*Exercise objective*
Exact copies of all the lines below are needed, without the pictures.
[[ Source records open ]]
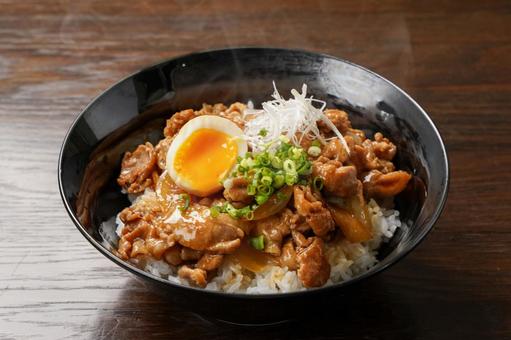 豚丼 豚丼の写真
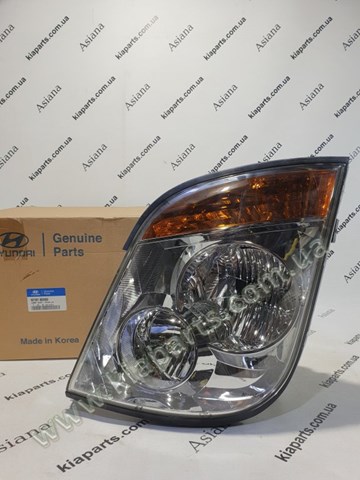 Купить 92101C1060 Hyundai/Kia Фара левая передняя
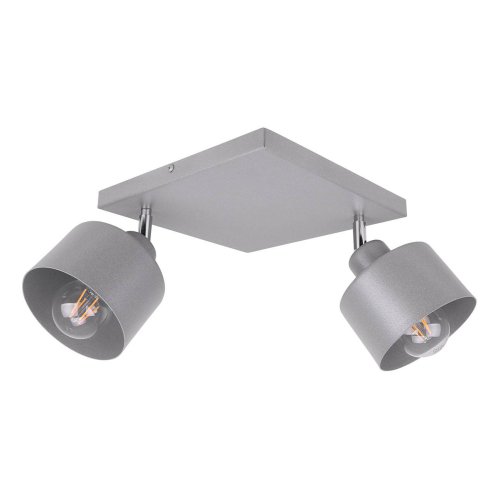 Lampa Sufitowa Nowoczesna Regulowana Plafon Metal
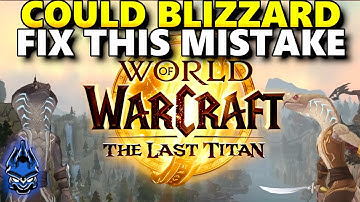 Will Blizzard Finally Fix One of It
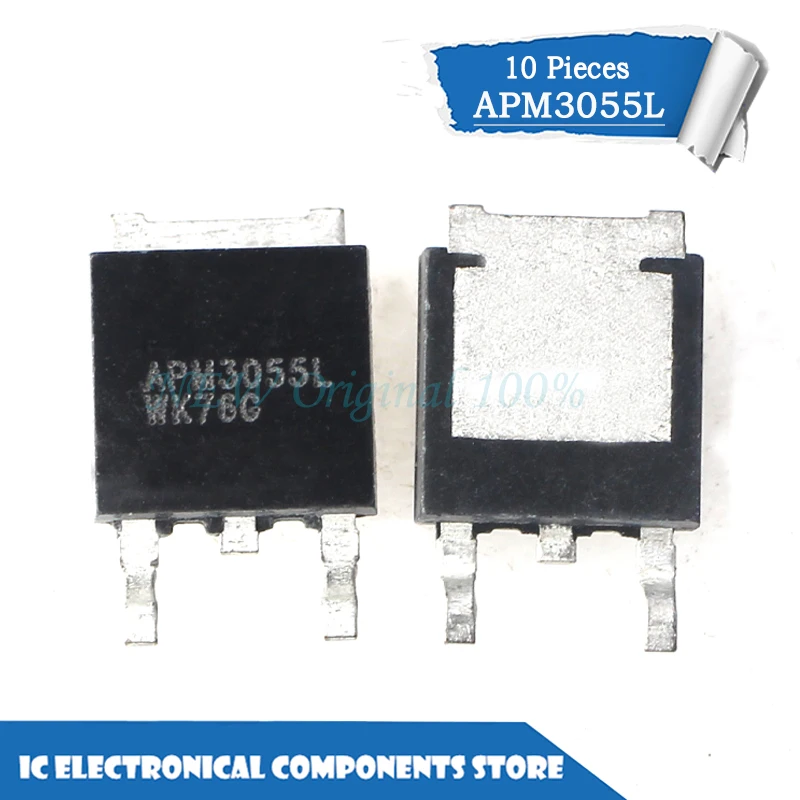 Новый оригинальный 10 шт./лот APM3055L TO-252 | Электроника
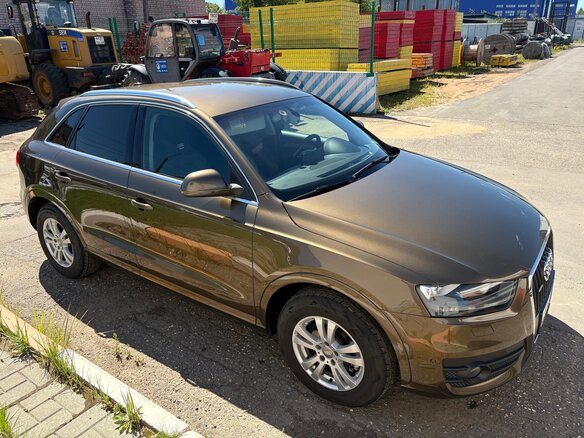 2012 Audi Q3 I (8U), коричневый, 1655000 рублей - вид 10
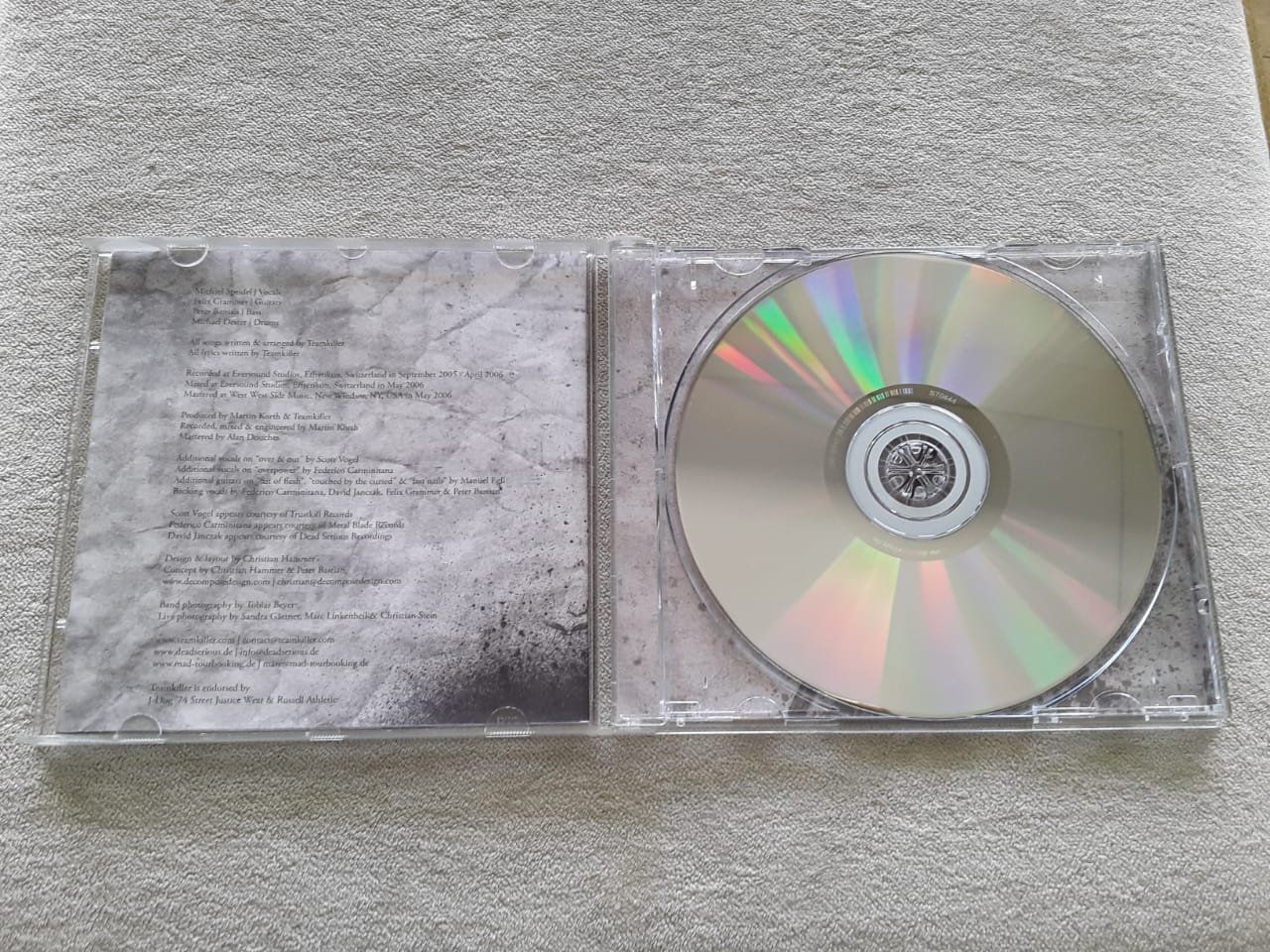 CD: Teamkiller - Bad Signs – Usato da Lenzburg venduto da Sepulmander 2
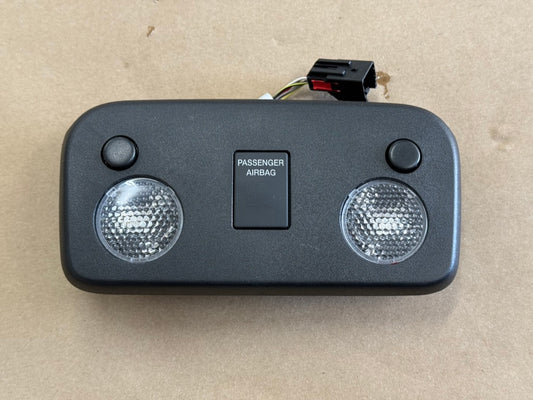 2015-2023 Ford Mustang GT GT500 Dome Light Coupe Black Interior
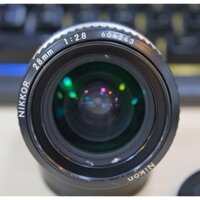 ống kính nikon AI 28mm f2.8 - lens nikon 28 f2.8 AI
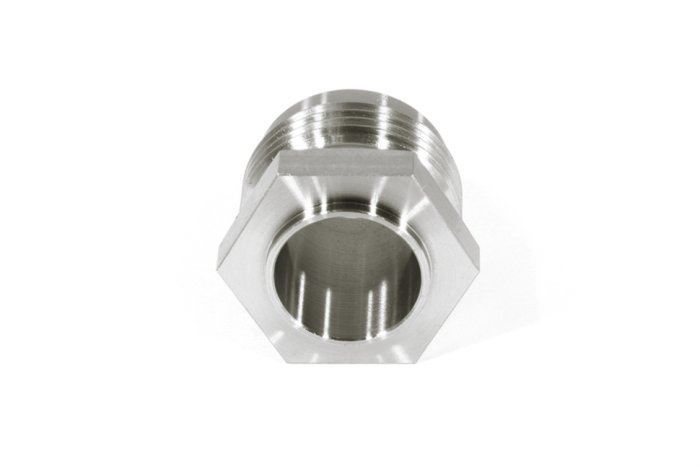 Адаптер П AN16 - приварной, под ключ, нерж. сталь, BLACKROCK LAB, ANWH-16SS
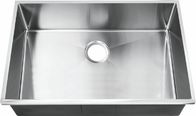 Commercial Top Mount Stainless Steel Kitchen Sink With No Faucet / Topmount  Kitchen Sink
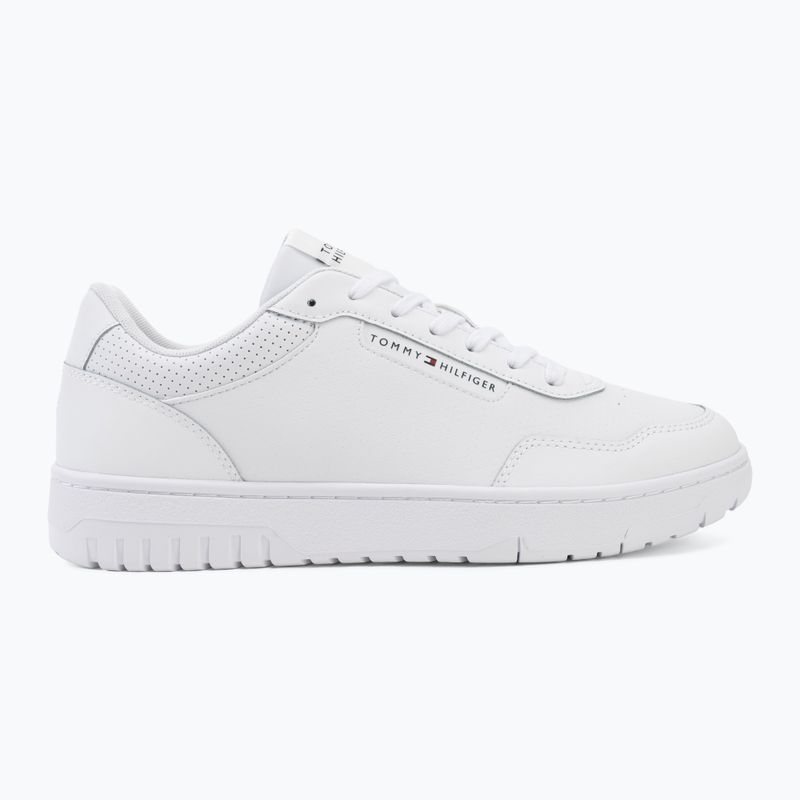 Herren Schuhe Tommy Hilfiger Basket Core Leather white 2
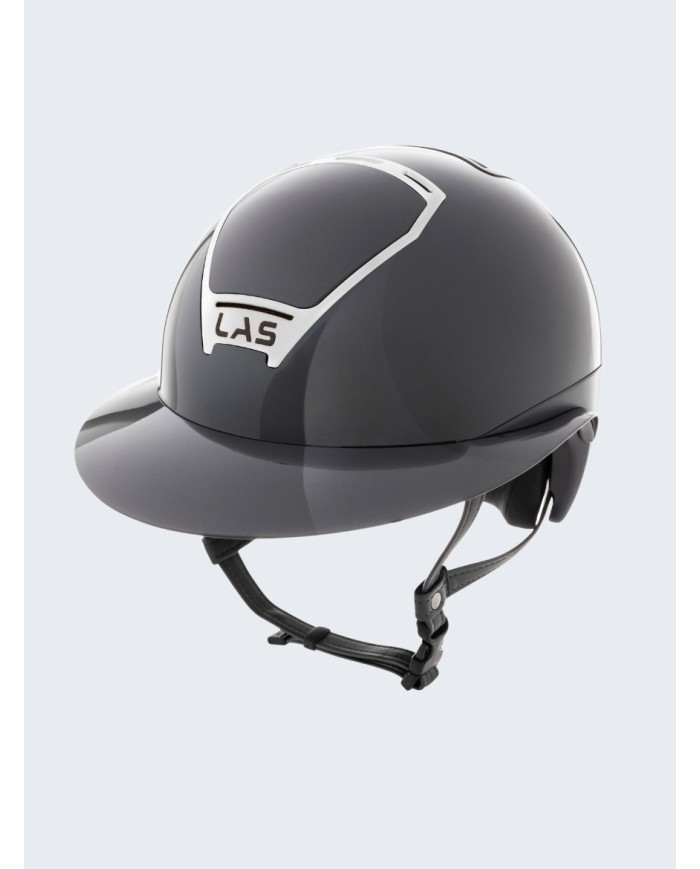 LAS HELMETS - Casque OPERA METAL gris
[[ Source records closed ]]
*Answer box*
 豚丼 豚丼の写真
 Купить 92101C1060 Hyundai/Kia Фара левая передняя
 Lampa Sufitowa Nowoczesna Regulowana Plafon Metal
 Will Blizzard Finally Fix One of It
 Новый оригинальный 10 шт./лот APM3055L TO-252 | Электроника
 2012 Audi Q3 I (8U), коричневый, 1655000 рублей - вид 10
 CD: Teamkiller - Bad Signs – Usato da Lenzburg venduto da Sepulmander 2
 2015-2023 Ford Mustang GT GT500 Dome Light Coupe Black Interior
 ống kính nikon AI 28mm f2.8 - lens nikon 28 f2.8 AI
 Адаптер П AN16 - приварной, под ключ, нерж. сталь, BLACKROCK LAB, ANWH-16SS
 Commercial Top Mount Stainless Steel Kitchen Sink With No Faucet / Topmount  Kitchen Sink
 Herren Schuhe Tommy Hilfiger Basket Core Leather white 2
 LAS HELMETS - Casque OPERA METAL gris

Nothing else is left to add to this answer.